[MATERIAL SUPPLIED — start]

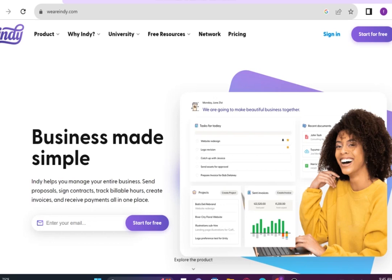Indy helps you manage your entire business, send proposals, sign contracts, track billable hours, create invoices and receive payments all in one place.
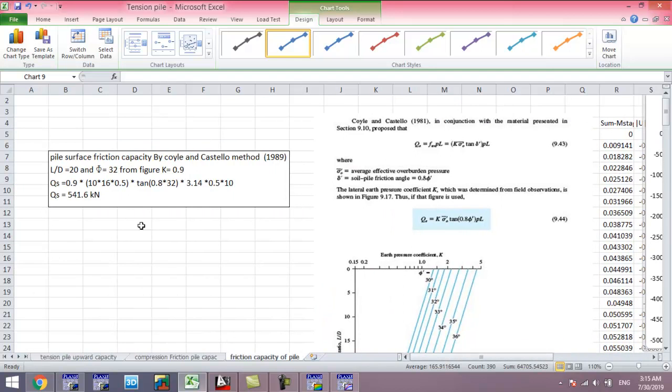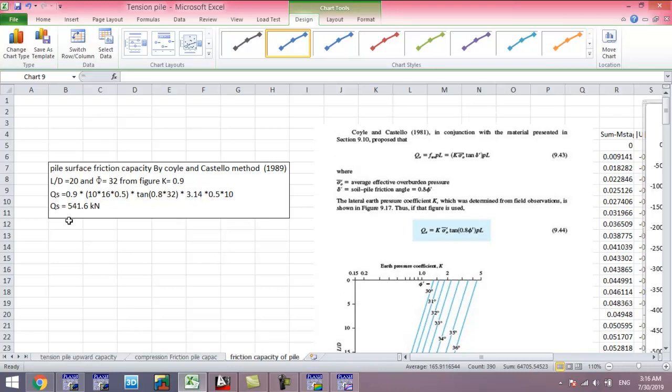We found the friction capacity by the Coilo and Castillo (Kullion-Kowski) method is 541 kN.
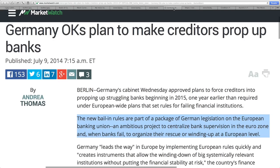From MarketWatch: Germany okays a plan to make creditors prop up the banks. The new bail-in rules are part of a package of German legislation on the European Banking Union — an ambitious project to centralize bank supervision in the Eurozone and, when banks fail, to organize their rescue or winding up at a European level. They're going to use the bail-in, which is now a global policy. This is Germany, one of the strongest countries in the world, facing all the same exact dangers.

[MATERIAL SUPPLIED — finish]
[MATERIAL SUPPLIED — start]

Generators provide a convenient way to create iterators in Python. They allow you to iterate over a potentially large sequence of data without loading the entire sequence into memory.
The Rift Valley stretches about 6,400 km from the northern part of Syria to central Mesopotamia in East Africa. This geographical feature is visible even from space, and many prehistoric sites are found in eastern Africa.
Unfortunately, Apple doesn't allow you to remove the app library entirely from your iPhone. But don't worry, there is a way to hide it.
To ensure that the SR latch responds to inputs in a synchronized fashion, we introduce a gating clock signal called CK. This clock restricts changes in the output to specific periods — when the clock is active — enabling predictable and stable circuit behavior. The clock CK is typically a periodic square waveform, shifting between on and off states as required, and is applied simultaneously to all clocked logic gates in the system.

[MATERIAL SUPPLIED — finish]
[MATERIAL SUPPLIED — start]

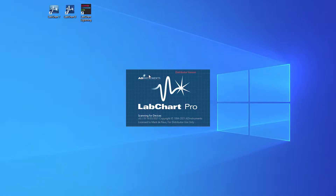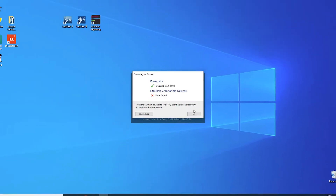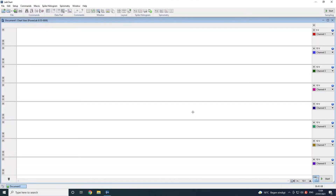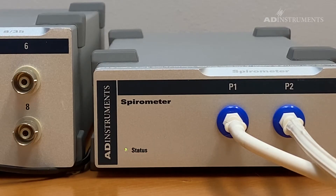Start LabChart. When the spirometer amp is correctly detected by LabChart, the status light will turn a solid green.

[MATERIAL SUPPLIED — finish]

YOUR OBJECTIVE: The string to find is "allow"; copy every line of the listing that has it.

RESPONSE BOX:
Generators provide a convenient way to create iterators in Python. They allow you to iterate over a potentially large sequence of data without loading the entire sequence into memory.
Unfortunately, Apple doesn't allow you to remove the app library entirely from your iPhone. But don't worry, there is a way to hide it.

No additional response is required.